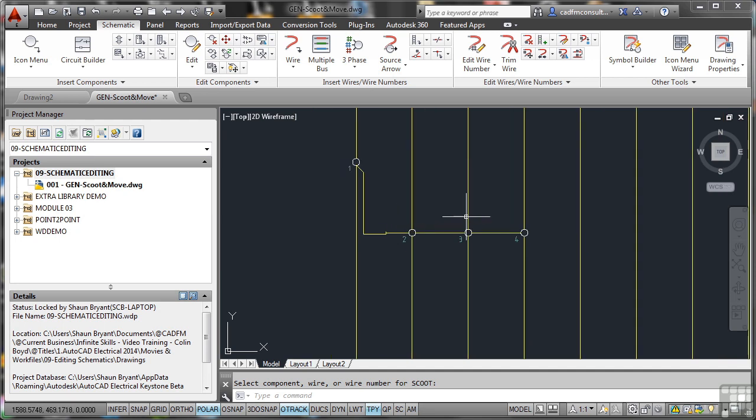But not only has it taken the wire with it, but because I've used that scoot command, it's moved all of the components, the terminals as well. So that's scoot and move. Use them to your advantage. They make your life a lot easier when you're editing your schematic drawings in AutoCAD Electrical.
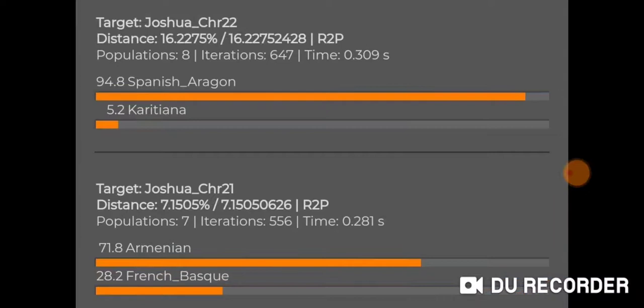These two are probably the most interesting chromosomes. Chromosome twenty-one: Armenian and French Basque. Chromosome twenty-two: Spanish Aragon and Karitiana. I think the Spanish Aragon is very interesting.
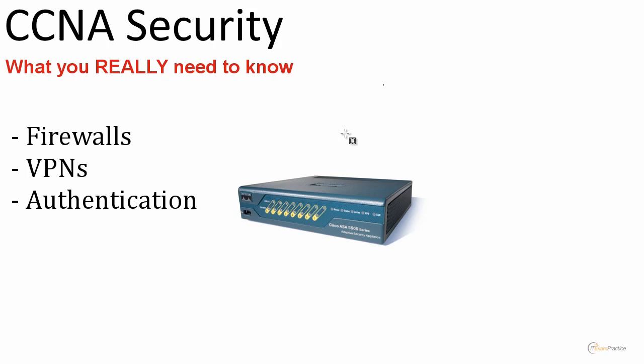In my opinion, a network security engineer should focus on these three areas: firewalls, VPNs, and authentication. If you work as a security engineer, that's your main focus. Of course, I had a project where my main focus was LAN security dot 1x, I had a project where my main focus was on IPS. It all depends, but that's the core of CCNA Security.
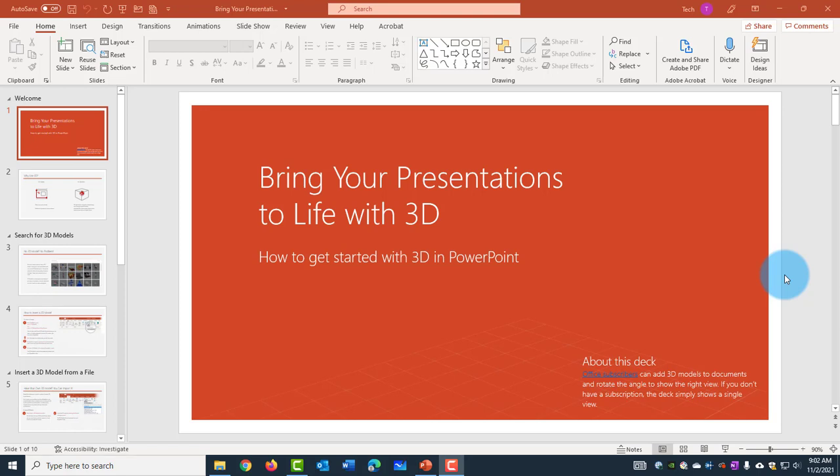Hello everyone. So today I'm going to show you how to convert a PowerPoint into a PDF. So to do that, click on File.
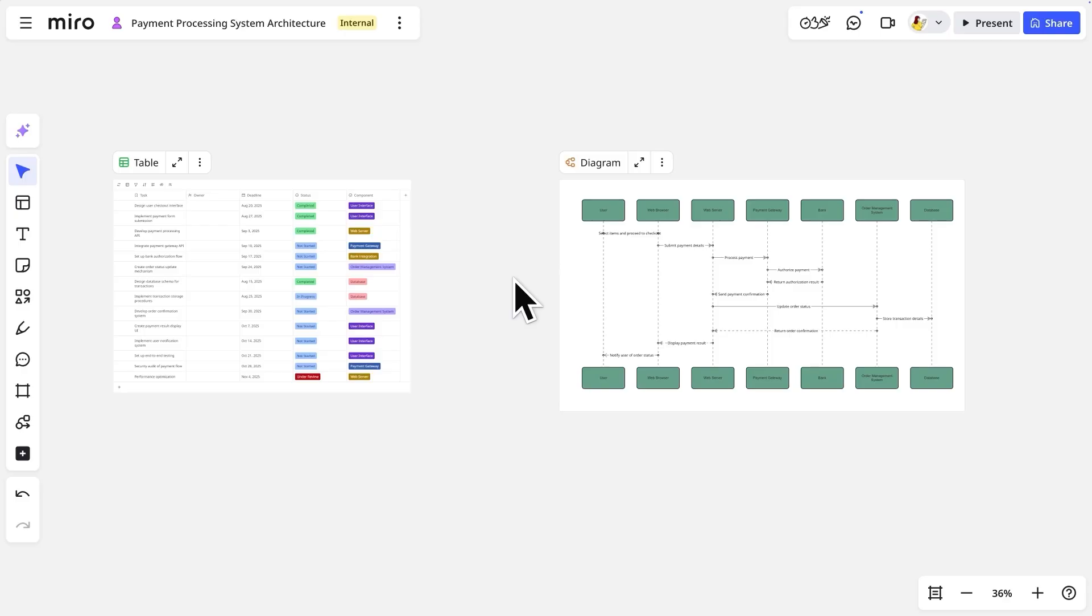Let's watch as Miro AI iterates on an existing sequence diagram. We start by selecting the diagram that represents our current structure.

● What is being asked: Could you write out the whole listing exactly, skipping every picture?

● Exercise answer:
But not only has it taken the wire with it, but because I've used that scoot command, it's moved all of the components, the terminals as well. So that's scoot and move. Use them to your advantage. They make your life a lot easier when you're editing your schematic drawings in AutoCAD Electrical.
These two are probably the most interesting chromosomes. Chromosome twenty-one: Armenian and French Basque. Chromosome twenty-two: Spanish Aragon and Karitiana. I think the Spanish Aragon is very interesting.
In my opinion, a network security engineer should focus on these three areas: firewalls, VPNs, and authentication. If you work as a security engineer, that's your main focus. Of course, I had a project where my main focus was LAN security dot 1x, I had a project where my main focus was on IPS. It all depends, but that's the core of CCNA Security.
Hello everyone. So today I'm going to show you how to convert a PowerPoint into a PDF. So to do that, click on File.
Let's watch as Miro AI iterates on an existing sequence diagram. We start by selecting the diagram that represents our current structure.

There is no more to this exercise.